Community Change in Public Health

This course examines the community context of the changes needed to promote the public’s health.

About The Course

In bringing about behavior change in public health, we often focus on the individual mother, student, or farmer. We should not forget the community structure and norms constrain for encouraging individual health behaviors. This course examines the community context of the changes needed to promote the public’s health. We begin by examining the various definitions of ‘community’ and the processes by which we ‘diagnose’ or seek to understand the structure and characteristics of different types of communities. An appreciation of community similarities and differences is necessary lest we fall into the trap of designing one-size-fits-all interventions. We need to recognize that no matter that outsiders may view a community as poor or neglected, we can find strengths and capacities for improvement in each community. Identifying community capacities and resources is the first step in facilitating community change. Different practical and philosophical approaches to change and therefore, examined.
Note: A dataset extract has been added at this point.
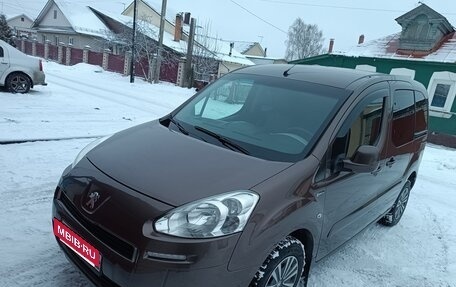 Peugeot Partner II рестайлинг 2, 2012 год, 900 000 рублей, 19 фотография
Specific to the change process is our recognition of the need for communities to participate in the design, implementation and evaluation of any intervention. We examine the concept of participation in an effort to see how different levels of involvement may affect sustainability of community change efforts. Finally a case study of a community participatory approach to onchocerciasis control in Africa is presented. Community Directed Intervention has subsequently been successfully applied to providing other essential primary health care services by and in the community, such as insecticide treated bednets, malaria treatment, vitamin A distribution, deworming medicines, and pneumonia and diarrhea case management.

Frequently Asked Questions

  • What resources will I need for this class?

    There is no specific text book for the course. Optional articles and other reading materials will be provided with weblinks. If interested, class members can join a dedicated Facebook page where news and ideas about community and social change in public health are exchanged.

Recommended Background

A basic understanding of public health program planning is helpful but not required.